RECORD SET:

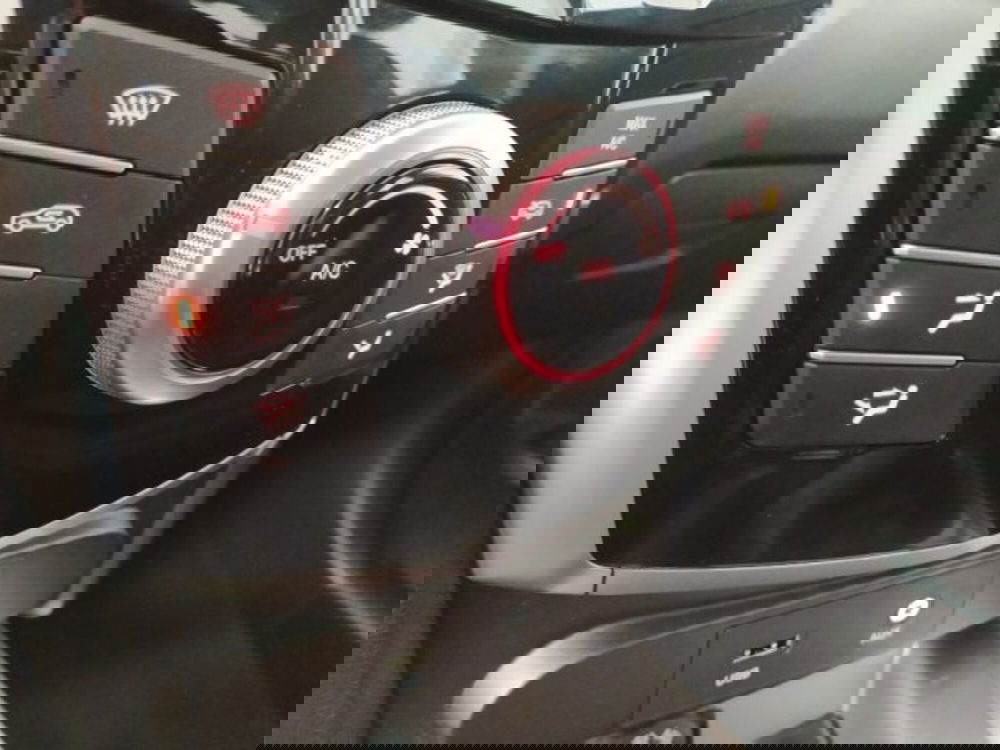 Ssangyong Tivoli usata a Trieste (12)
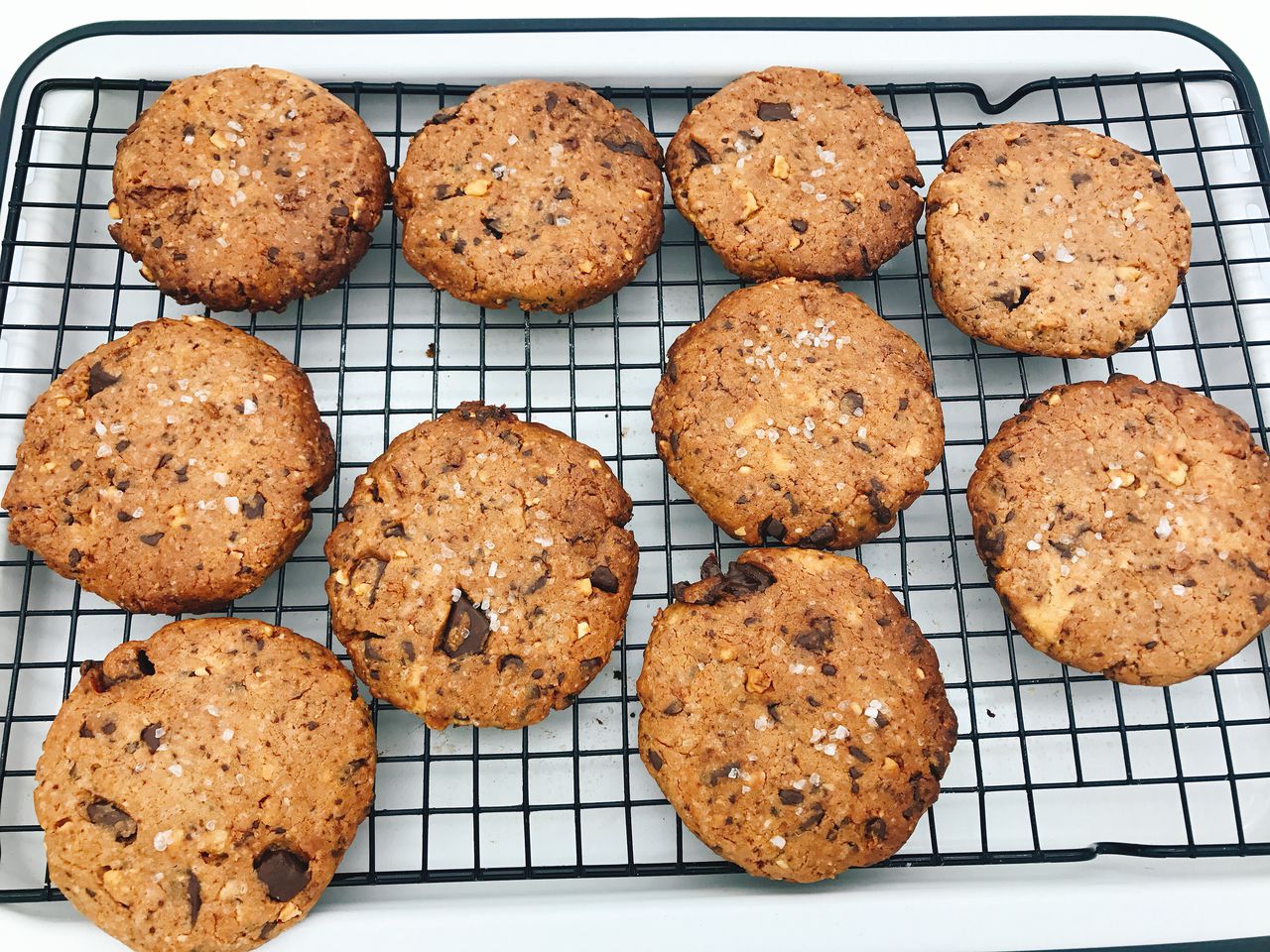 巧克力核桃海盐大曲奇让你的孩子爱不释手！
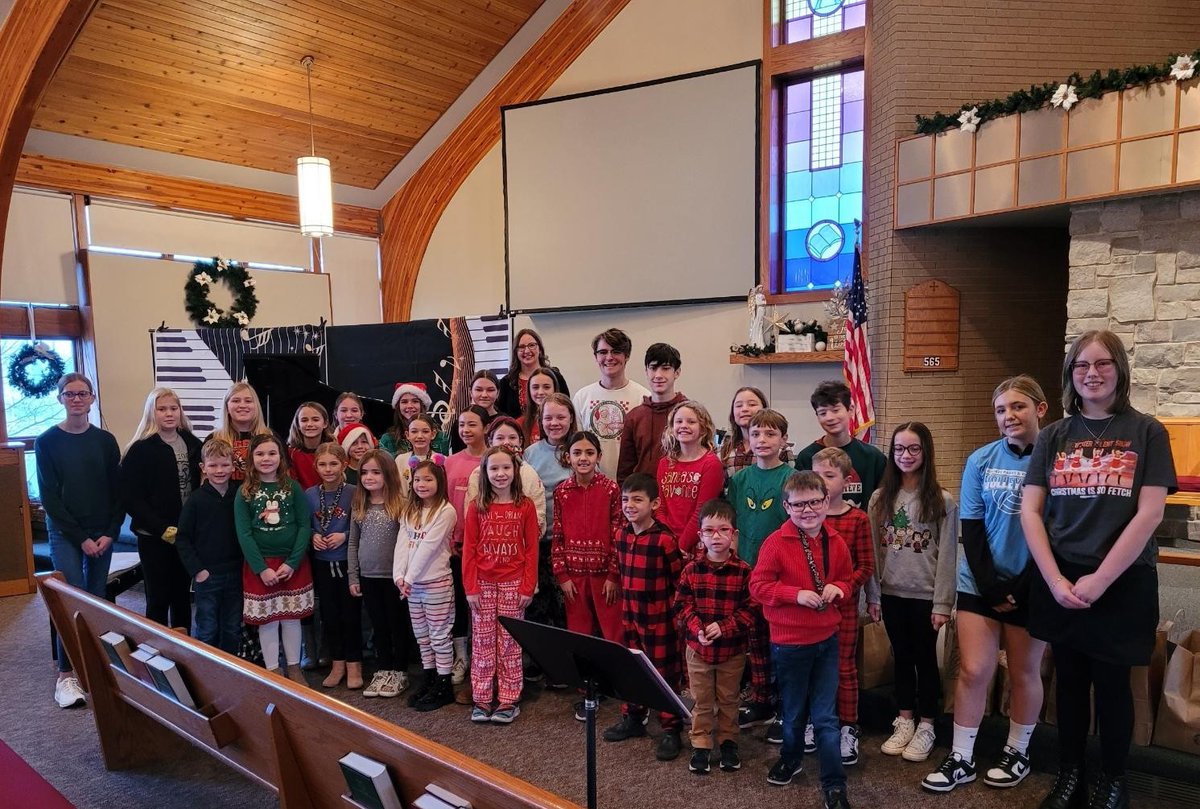 CateBryan's tweet photo. Saturday was one of those lovely days where you see a body of work completed in a good, true, and beautiful way.
Congratulations to each and every student on their fine performances!
#mondaymotivation #pianomusic #piano #pianoteacher #pianostudent #pianorecital #pianoparty https://t.co/iCXut7C82J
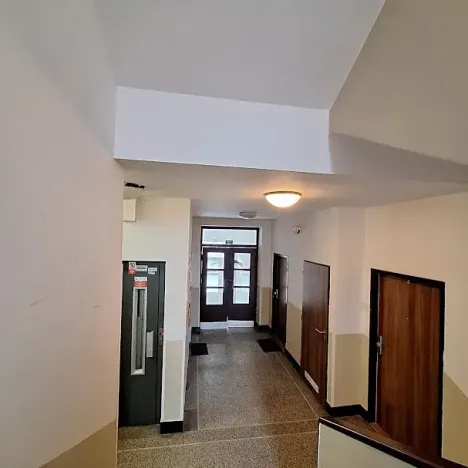 Pronájem bytu 2+kk, Praha - Břevnov, Bělohorská, 47 m2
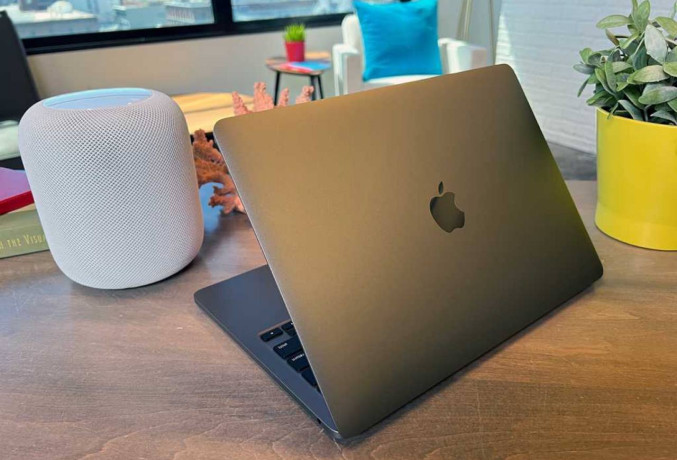 mak-buk-pro-s-tacbarom-big-0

ASSIGNMENT: Retype every record above exactly as written, but leave out the pictures.

SOLUTION FOR THIS EXERCISE:
 Ssangyong Tivoli usata a Trieste (12)
 巧克力核桃海盐大曲奇让你的孩子爱不释手！
 CateBryan's tweet photo. Saturday was one of those lovely days where you see a body of work completed in a good, true, and beautiful way.
Congratulations to each and every student on their fine performances!
#mondaymotivation #pianomusic #piano #pianoteacher #pianostudent #pianorecital #pianoparty https://t.co/iCXut7C82J
 Pronájem bytu 2+kk, Praha - Břevnov, Bělohorská, 47 m2
 mak-buk-pro-s-tacbarom-big-0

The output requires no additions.